В плане обычного для Студии психологизма трактованы остальные роли. У одних это выходит глубже, а потому и сильнее (в особенности, конечно, у Б. Сушкевича, играющего Персона — амальгаму из шута, мефистофеля, мудреца и подлеца); у других мельче, а потому и фальшивее. Есть и вовсе слабые, уязвимые места ансамбля. Укажу на палача (В. Готовцев), который словно выскочил из «театра ужасов», причем он пугает, а никому не страшно. Напротив, все улыбаются. Укажу на солдата Монса — А. Бондырева — по тону совершеннейшего Фламбо из недоброй памяти «Орленка»[ccxlii].

Особое в оценке исполнителей место занимают двое: Дейкун и Серов.

Дейкун, играющая Карин — возлюбленную Эрика, требует особого упоминания, благодаря тому душевно ясному и чистому рисунку женственности, который она дает, причем рисунок сделан, разумеется, по тому же «психологическому» методу переживаний, но выполнен тонко и глубоко.

Серов — герцог Иоанн Рыжебородый — резко выпадает из общего ансамбля по той рельефной театральности (я бы даже сказал — гротеску, не грубому, но четко намеченному), которой так вообще недостает во всем спектакле — спектакле, признаем это все же, делающем первую, робкую попытку приблизить Студию, сперва хотя бы внешней формой, к новым путям.

3. Ю. Соболев
МХАТ и его студии
Вестник театра. 1921. № 91 – 92. 15 июня С. 12

<…> Кстати об «Эрике»: Студии, ее руководителям и режиссеру спектакля — тому же Е. Б. Вахтангову показалось, что в моей рецензии о постановке стриндберговской трагедии не достаточно явственно подчеркнут этот отрыв от старых канонов и подход к новым рубежам.

Быть может, это и верно, ибо говоря о данном спектакле — невольно не так определенно и резко подчеркиваешь то, что становится очевидным после целого ряда наблюдений над явлением одного и того же порядка. Так, после «Эрика» довелось мне видеть пьесу М. Метерлинка в Третьей студии, где эта глубокая и тонкая сатира, углубленная до каких-то мистических прозрений, поставлена в чрезвычайно яркой, резкой и убедительной форме гротеска, что в свою очередь свидетельствует не только о новом фазисе во внутреннем развитии самой Студии, но и о несомненном ее отрыве от того обычного психологизма в реальной {196} оболочке, под знаком которого жил Художественный театр.

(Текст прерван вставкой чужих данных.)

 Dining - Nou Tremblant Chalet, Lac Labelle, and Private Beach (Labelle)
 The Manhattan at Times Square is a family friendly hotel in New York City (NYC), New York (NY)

И сопоставляя эти два явления — попытку дать обобщенную, условную постановку исторической пьесы и чрезвычайно удачный опыт сценического создания гротеска — опять-таки не в традиционной реальной оболочке, ясно понимаешь, что отрыв от прежних берегов, о чем я указал в рецензии об «Эрике», в самом деле и глубже, и значительнее.

И вот теперь некоторые особенности в возобновляемом «Ревизоре» в Художественном театре вроде штрихов, только что указанных, и, главное, появление в этой — все же в основном своем тоне реалистическо-академической постановке — такого неожиданного Хлестакова, каким был Чехов, и столь же ему созвучного по тону высокого комизма, поднимающегося на вершину трагико-комического гротеска, каким моментами был И. М. Москвин — Городничий — эти особенности дают право говорить об отрыве от старых традиций и внутри самого Художественного театра. <…>

4. Федор Чужой <Д. М. Аранович>
«Эрик XIV»
(Первая студия Московского Художественного театра)
Жизнь искусства. 1921. № 727 – 729. 11 – 13 мая. С. 2

Историческая пьеса Августа Стриндберга, малосодержательная, как и большинство его сценических произведений, к тому же незаконченная — посредственный материал для театральной работы, даже в наше время отсутствия репертуара.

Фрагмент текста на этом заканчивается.